MATERIAL FOR THE TASK:
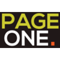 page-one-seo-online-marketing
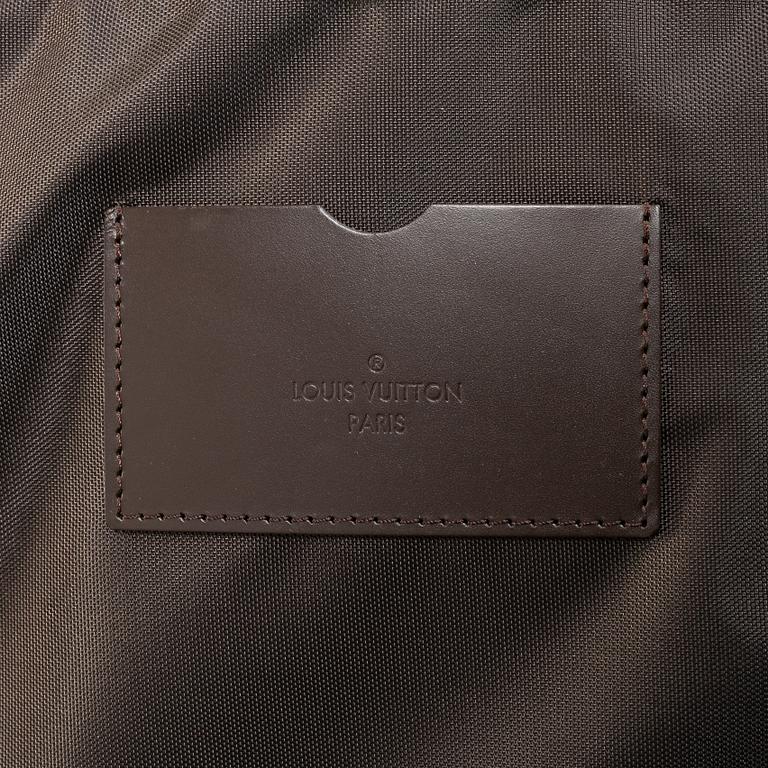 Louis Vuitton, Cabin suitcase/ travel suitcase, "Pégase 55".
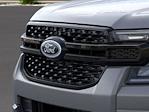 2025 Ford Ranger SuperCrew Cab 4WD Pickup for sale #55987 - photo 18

...

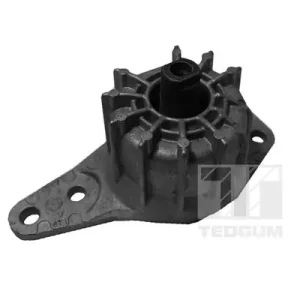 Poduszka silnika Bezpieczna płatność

...

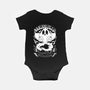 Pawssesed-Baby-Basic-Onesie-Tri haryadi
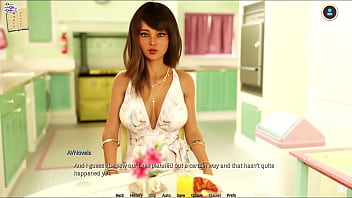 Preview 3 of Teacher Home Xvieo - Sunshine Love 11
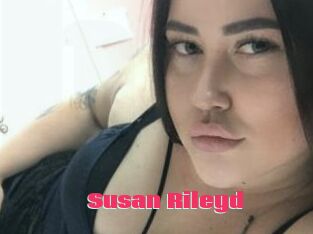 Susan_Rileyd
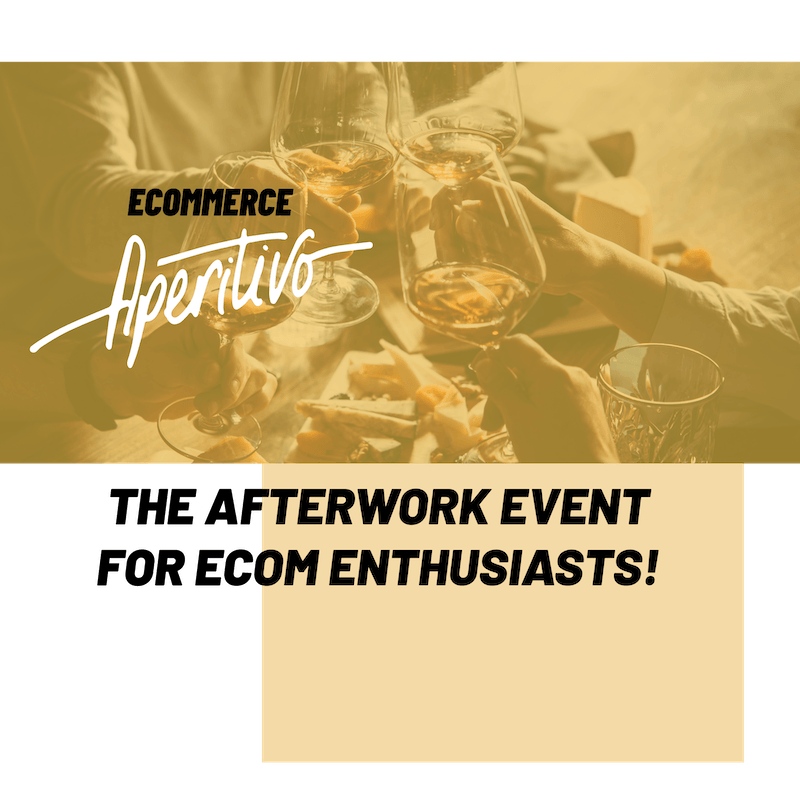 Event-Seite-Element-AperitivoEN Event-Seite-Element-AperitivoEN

EXERCISE AIM: Print nothing but the lines above starting with the line that contains "Susan_Rileyd" and going on through the line that contains "Event-Seite-Element-AperitivoEN Event-Seite-Element-AperitivoEN". Leave out the pictures.

ANSWER SECTION:
 Susan_Rileyd
 Event-Seite-Element-AperitivoEN Event-Seite-Element-AperitivoEN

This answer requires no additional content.